Exercise directions: Find "Conjunto de regalos" below and begin at its line; stop after the line with "NEW Evan Picone". Output those lines exactly, without pictures.
(Beginning of Entries provided)
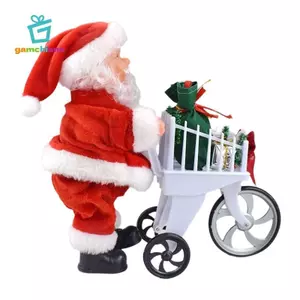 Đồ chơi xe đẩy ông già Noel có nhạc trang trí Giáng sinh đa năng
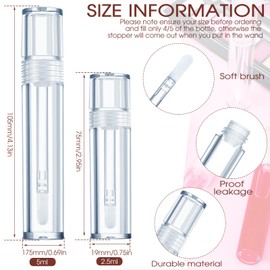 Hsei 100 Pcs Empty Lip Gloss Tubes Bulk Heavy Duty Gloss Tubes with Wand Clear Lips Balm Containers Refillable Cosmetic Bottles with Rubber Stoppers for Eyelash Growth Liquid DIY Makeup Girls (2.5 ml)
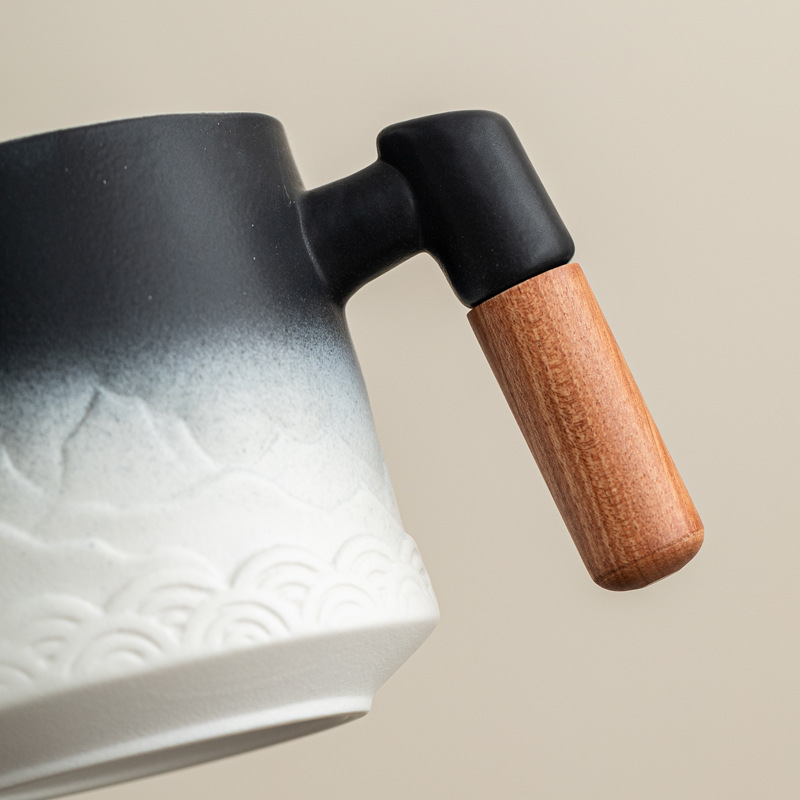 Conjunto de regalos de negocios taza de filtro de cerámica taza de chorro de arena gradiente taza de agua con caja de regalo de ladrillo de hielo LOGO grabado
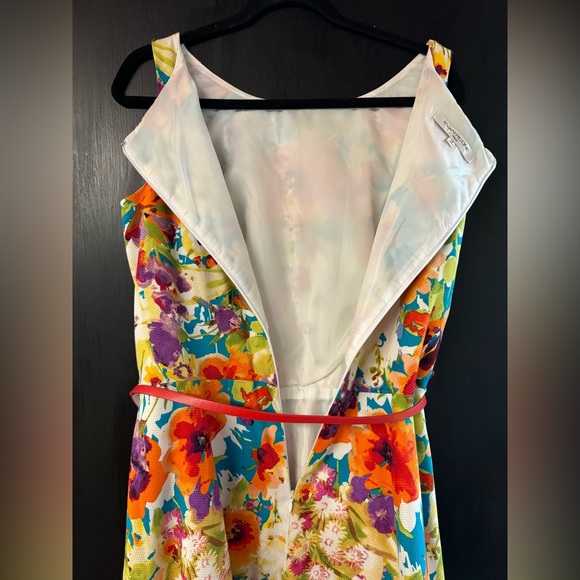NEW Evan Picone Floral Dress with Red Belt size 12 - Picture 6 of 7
(End of Entries provided)
(Beginning of Entries provided)
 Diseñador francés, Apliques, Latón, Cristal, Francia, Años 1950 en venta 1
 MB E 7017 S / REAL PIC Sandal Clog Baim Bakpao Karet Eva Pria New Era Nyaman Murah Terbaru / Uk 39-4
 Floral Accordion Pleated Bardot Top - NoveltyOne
(End of Entries provided)
Solved problem:
 Conjunto de regalos de negocios taza de filtro de cerámica taza de chorro de arena gradiente taza de agua con caja de regalo de ladrillo de hielo LOGO grabado
NEW Evan Picone Floral Dress with Red Belt size 12 - Picture 6 of 7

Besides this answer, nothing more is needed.